『春潮』中国激動の半世紀を三世代の女性に重ねて描く、ヤン・リーナー監督の真骨頂

 三世代の女性を描いた作品といえば、大阪アジアン映画祭2018で、台湾のヤン・ヤーチェ監督作『血観音』がまず思い浮かんだ。ヤン・ヤーチェ監督にインタビューさせていただいた時、「母が娘を束縛する姿に、政府が国民をコントロールする姿を重ねた」という言葉が非常に印象的だったが、今年の大阪アジアン映画祭で上映されたヤン・リーナー(楊荔鈉)監督が三世代の女性を描いた『春潮』Spring Tide [春潮]も、その文脈で読み解くことができる作品だ。


 ただこの作品は、より母、娘のバックグラウンドが深く描きこまれ、彼女たちが生きた時代における社会的背景の違いが、二人の価値観の違いに大きく反映されていることが分かる。主人公ジアンボーは、新聞社に勤める社会部記者だが、かつては一緒に苦労して取材を重ねた先輩記者も、今や出世し、逆にジアンポーに上から睨まれるような記事を書かないように圧力を加えられてしまう。母、ミンランと娘のいる実家では、母の機嫌を損ねると、怒鳴られるので黙って部屋に篭ってしまうジアンポー。唯一心が安らぐのは、ミュージシャンの恋人の家で過ごす夜ぐらいだ。一方、母のミンランは、コーラスグループの指導者的存在で、合唱コンクールのため、国を讃える歌を高らかに歌い上げる。アコーディオン伴奏者の男はパートナーのような関係だが、ある日求婚されて…。



 日常の描写を積み重ねる中、ジアンポーとミンランのぶつかり合いが加速するが、その度にそれぞれが知らなかった母、もしくは娘の思いや過去が明かされる。性欲が強く女癖の悪い夫と別れるために尋常ではない苦労を重ね、一人で娘を育て上げたミンランと、父との美しい思い出を胸に生きるジアンポー。国のおかげで今生きていられると思うミンランと、中国で記者として生きることにフラストレーションを抱えるジアンポー。同じ男(夫、父)や国でも、それぞれから見れば全く別の見え方がする。お互いの立場への理解の欠如が、母娘の確執をより根深くしていることを浮き彫りにするのだ。ミンランが孫の面倒を見ることも、ジアンポーからすれば「子育ての機会を奪った」と、お互いへの疑念は深まるばかり。エレイン・ジン(『誰がための日々』)が演じるミンランが、積年の苦労への理解のなさを爆発させれば、ハオ・レイ(『天安門、恋人たち』『二重生活』)が演じるジアンポーは、ひたすら耐え、部屋でぎゅっとサボテンを握りしめる。意外と他人事ではない、母娘の永遠に分かり合えない溝が、ヒリヒリするような強さで描かれる。

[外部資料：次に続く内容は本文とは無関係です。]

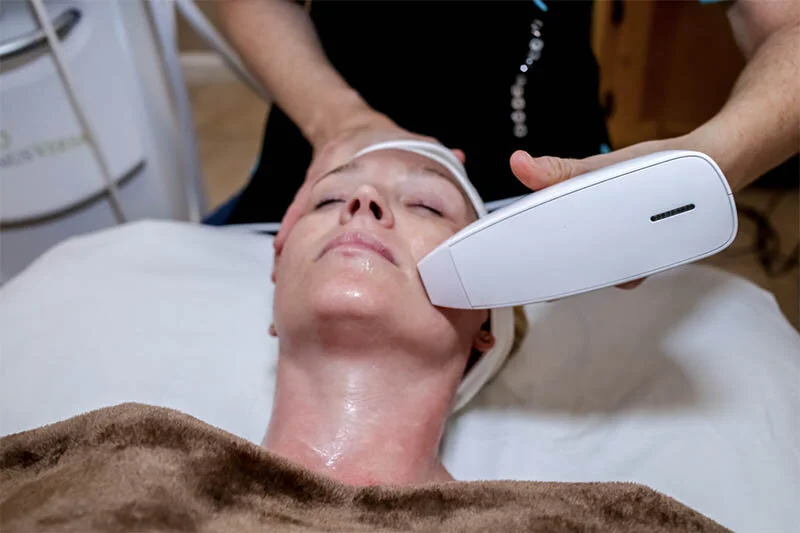 Everything You Need to Know About the IPL Venus Versa Treatment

 この二人の間を渡り鳥のように行き来しながら、自分なりの理想を韓国人の同級生家族に見出す孫娘は、この物語の中で清涼剤的存在だ。孫娘が通う小学校でのシーンも度々登場し、競争意識を煽る教育現場の姿が浮かび上がる。祖母や母の身勝手さに、時には腹を立てることはあっても、我慢するのではなく、自分の思うところを表現する。ズシリと腰を据えていきる祖母と、漂うように生きる母との間で、父の不在に心を痛めながらも、人見知りせず誰にでも臆せず話すことができるのは、核家族ではなく三世代家族で暮らす中で得られた素質だろう。

 生々しい言い争いがある一方で、ジアンポーの心象描写や、彼女が目にする幻など、幻想的なシーンが挿入され、観るものの想像力を掻き立てる。母のコーラスグループを追い出すためにジアンポーが仕組んだ水漏れや、孫娘が牛乳をこぼしてミンランの激怒につながったりと、物語の中で水、液体が大きなモチーフになっている。水が流れ、大きな流れになって川になる姿は、羊水からはじまり、綿々と続く女たちのつながりのようにも見えた。鬱積した思いを抱えて生きる女性たちの心情を、強度と美しさを兼ね備えた表現でみせるヤン・リーナー監督の真骨頂。『春夢』(OAFF2014)に続く、女性3部作の2作目だそうだが、さらにどんな集大成を提示するのか、楽しみにしていたい。

※本作はホウ・シャオセンやジャ・ジャンクー作品を手がける市山尚三氏がエグゼクティブ・プロデューサーに名を連ね、音楽は『春夢』に引き続き、半野喜弘氏が担当している。